Jason Wilsher-Mills presents a new 6.5-foot bronze sculpture that in part explores his own personal connection to nearby Walton Hall, the former home of Charles Waterton, at which his parents met while his mother was working there as an auxiliary nurse.
Wilsher-Mills’ sculpture depicts an Amazonian Caiman God holding a small ferry boat containing figures of his parents. The figure is wearing leg callipers as a proud depiction of disability and a nod to the artist’s own experience of debilitating chicken pox in childhood that left him partially paralysed. Visitors are able to engage further with the sculpture through augmented reality technology and able to listen to a new poem by poet and broadcaster Ian McMillan, created in response to the sculpture’s themes, as well as access an online animated film.

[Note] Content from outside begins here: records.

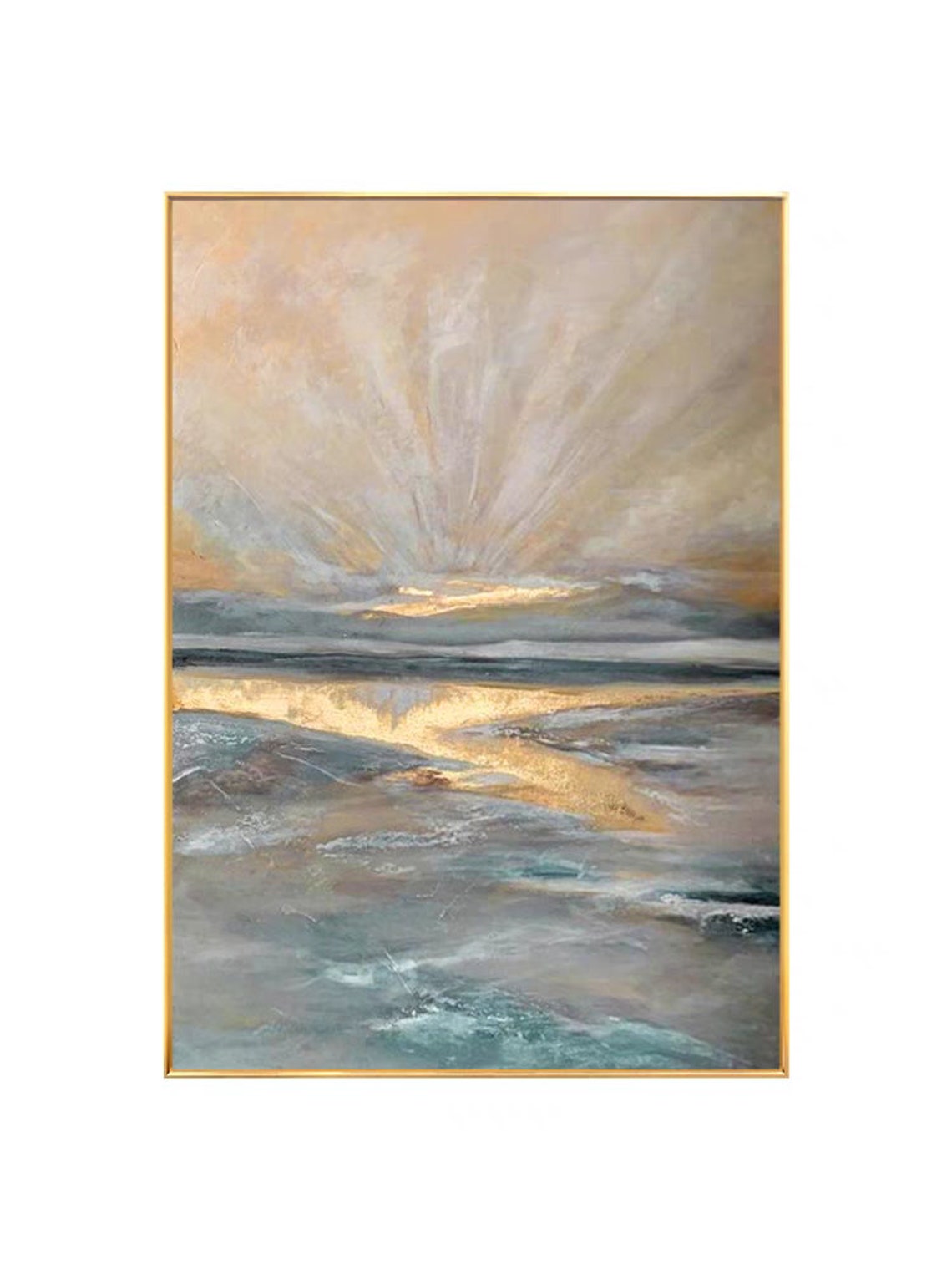 Sunrise And Lakeside Acrylic Painting Oversized Art Custom Vertical Hallway Wall Art Personal Gift Extra Large Golden Blue Abstract Painting - Image 4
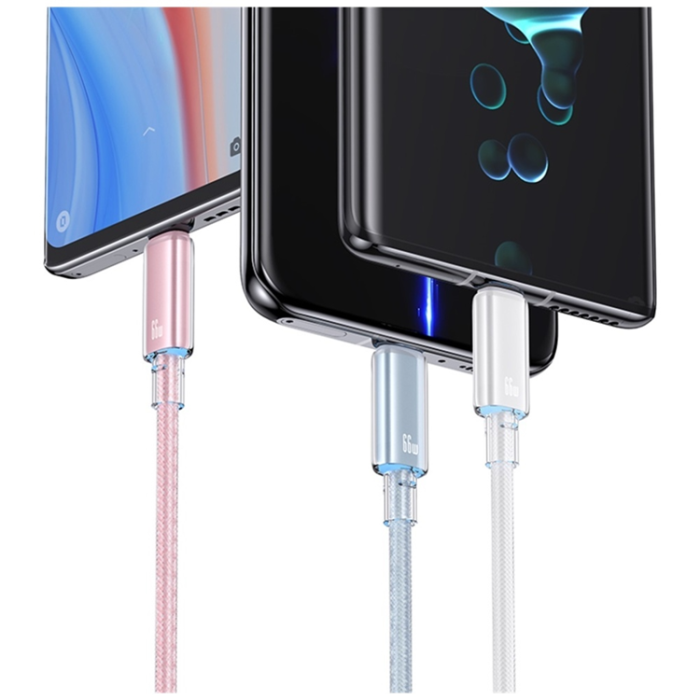 USAMS - Usams USB-A till USB-C Kabel 1.2m Cloud - Rosa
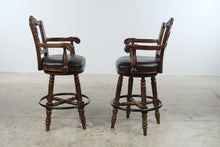 Load image into Gallery viewer, Ashley North Shore D553 130 Swivel Bar Stools Set of 2 Carved Wood 30 Inch
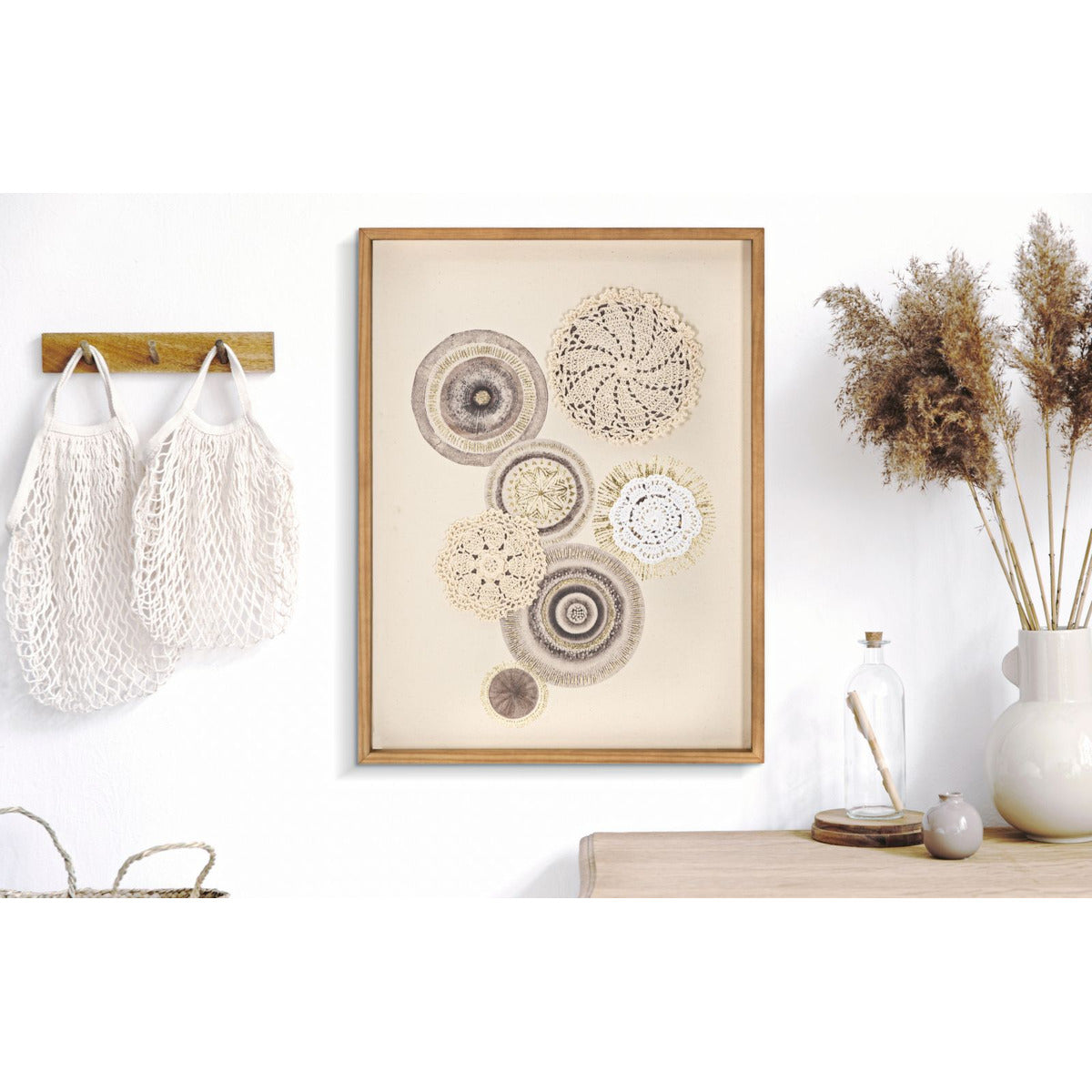 Stampa su Tela Cerchi 31, Marrone, Legno, 45x3,2x60 cm, Seven Design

“I was born and grew up in Wakefield. This sculpture is inspired by the history of Wakefield and its characters as well as my own memories and the love story of my parents. My mum spent most of her childhood in care and worked as an auxiliary nurse at Walton Hall 1945-48, which was then the maternity home for Wakefield. My Dad, Peter, was a rugby league player and coal miner. Mum would often return home late from their dates and have to bribe the night watchman to row her back to Walton Hall after the drawbridge was pulled up at 9pm.” – Jason Wilsher-Mills
This is a unique artwork about and for Wakefield and its people. Jason designed the sculpture on a computer and it was 3D printed in resin by Pangolin foundry. The resin version was then cast in bronze, one of the most traditional sculpture materials in the world.